Which manager made the biggest impact on you and why?
I have had the pleasure of working with many great managers over the years from Sinead and Maggie when I first started at Rossa, to Bernie McNally at Queen’s (how many times can you run around the bandstand at the PEC without being sick?) but Jim Nelson made the biggest impact. Jim came in as the Antrim manager and changed how we approached the game on and off the pitch. Jim worked with other great mentors including Tommy Lismore at Antrim (who made us run backwards up Calgary!) When Jim was the manager for Rossa he changed how we approached our training and matches and prepared off the pitch. He brought in strength training and nutrition which was new to us then. He also brought in the drink bans which were maybe not as a popular.
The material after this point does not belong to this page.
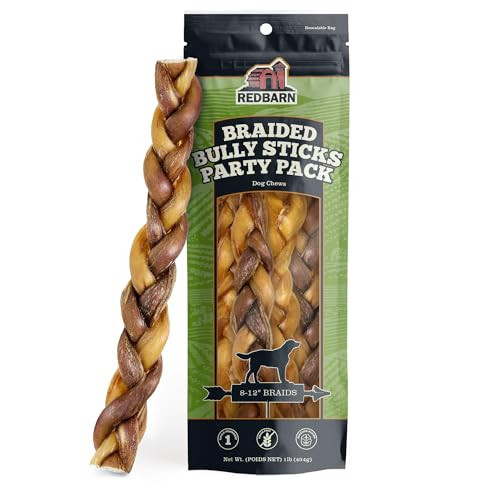 Redbarn Pet Products All Natural 8-12" Braided Bully Sticks for Medium & Large Dogs - Healthy Long Lasting Beef Chews Variety Party Pack - Single Ingredient Low Odor Rawhide Free - 1 lb Bag | Amazon (US)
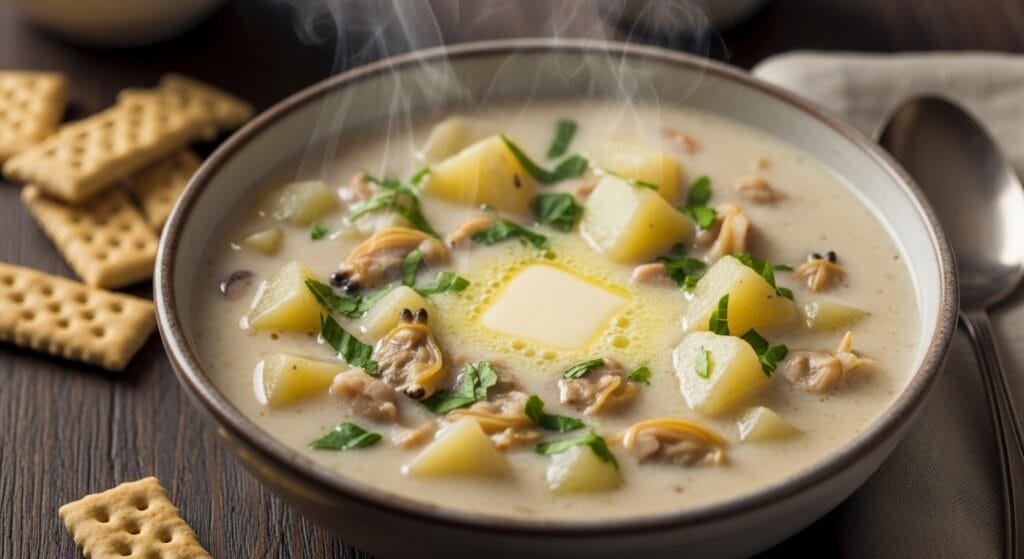 creamy New England clam chowder with potatoes and herbs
He is a legend.
What was the best piece of advice you ever received about playing?
‘S@@t or get off the pot!” – very true.
What was the best thing about playing in your era?
You make me sound old. I had an amazing camogie career and have the best memories. I made friends for life and would encourage anyone to get involved and pick up a hurl. I think I am ready to go back, camogie for mothers and others anyone?
What was the worst thing about playing your era?
When did you know it was time to call it quits?
I had two boys under two, a full time job and a husband who worked shifts. I always expected 100 percent from everyone at training and matches and I always gave 100 percent. Anything less in my eyes wasn’t good enough and I wasn’t able to give that commitment to the team so it was time to step back.
What interesting or funny story may readers not know about you or one of your former teammates?
There are so many funny stories over the years but as we say – what goes on tour stays on tour! Although there was a particular song the Rossa girls made up called ‘Tracksuits, Tracksuits, Tracksuits” – a rendition of that would see a few red faces.